Problem requirements »
What you write should be an exact repeat of the lines from the one with "Sprężarka śrubowa ALMIG" through the final line below, minus the pictures.

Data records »
┌──

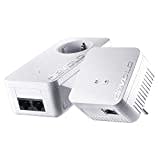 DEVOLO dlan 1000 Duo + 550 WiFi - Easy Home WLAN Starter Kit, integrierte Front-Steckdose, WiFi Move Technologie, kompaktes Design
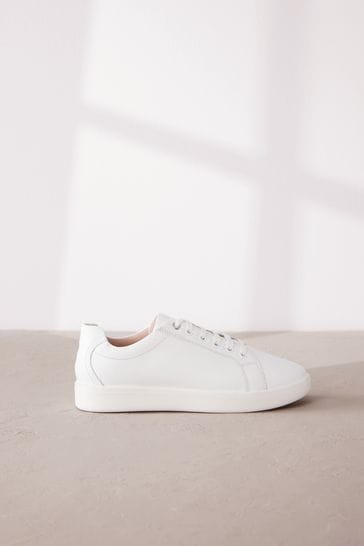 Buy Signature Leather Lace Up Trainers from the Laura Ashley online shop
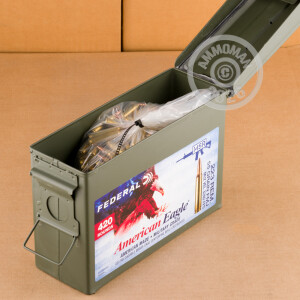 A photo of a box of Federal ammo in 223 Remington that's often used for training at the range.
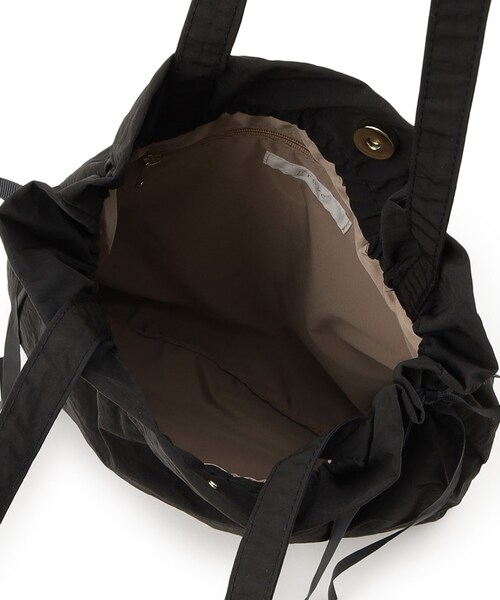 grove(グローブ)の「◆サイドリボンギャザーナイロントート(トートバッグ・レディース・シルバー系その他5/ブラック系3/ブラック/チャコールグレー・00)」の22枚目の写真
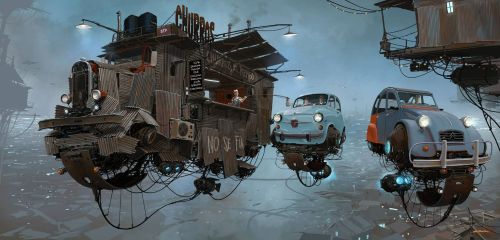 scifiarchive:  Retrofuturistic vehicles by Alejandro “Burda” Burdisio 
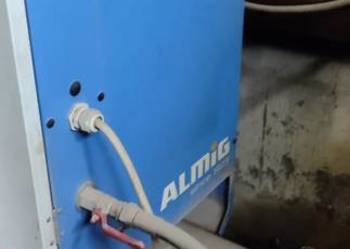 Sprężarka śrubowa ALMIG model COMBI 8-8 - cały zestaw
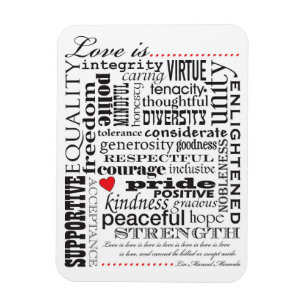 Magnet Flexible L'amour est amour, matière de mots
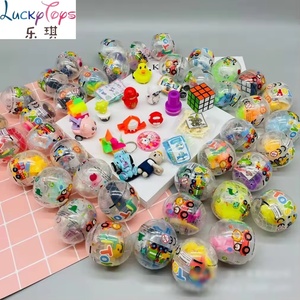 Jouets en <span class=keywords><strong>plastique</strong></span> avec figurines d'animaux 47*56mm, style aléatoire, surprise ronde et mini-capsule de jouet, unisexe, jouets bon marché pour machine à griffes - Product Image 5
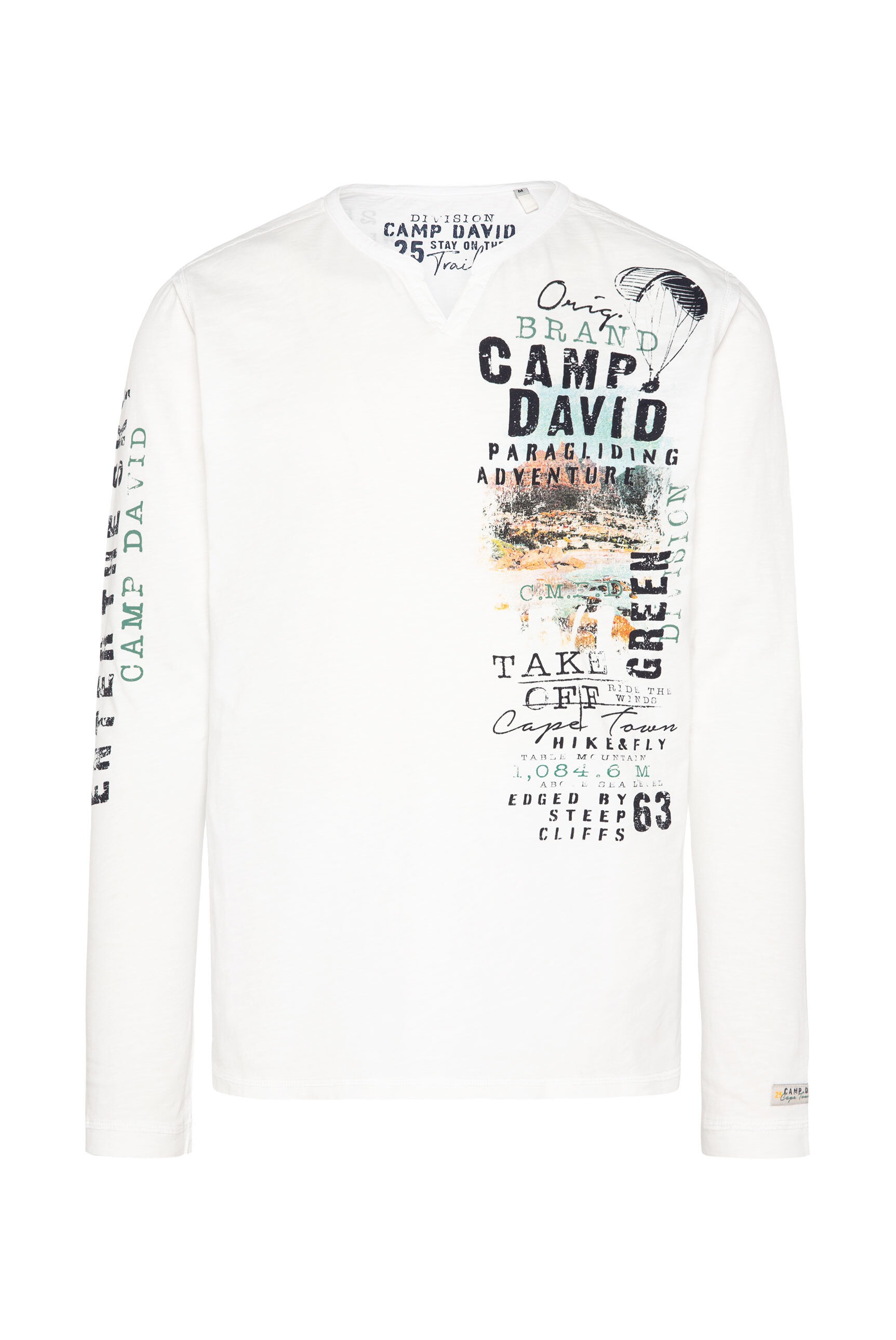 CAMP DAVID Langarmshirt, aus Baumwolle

└──

Output of the task »
 Sprężarka śrubowa ALMIG model COMBI 8-8 - cały zestaw
 Magnet Flexible L'amour est amour, matière de mots
 Jouets en <span class=keywords><strong>plastique</strong></span> avec figurines d'animaux 47*56mm, style aléatoire, surprise ronde et mini-capsule de jouet, unisexe, jouets bon marché pour machine à griffes - Product Image 5
 CAMP DAVID Langarmshirt, aus Baumwolle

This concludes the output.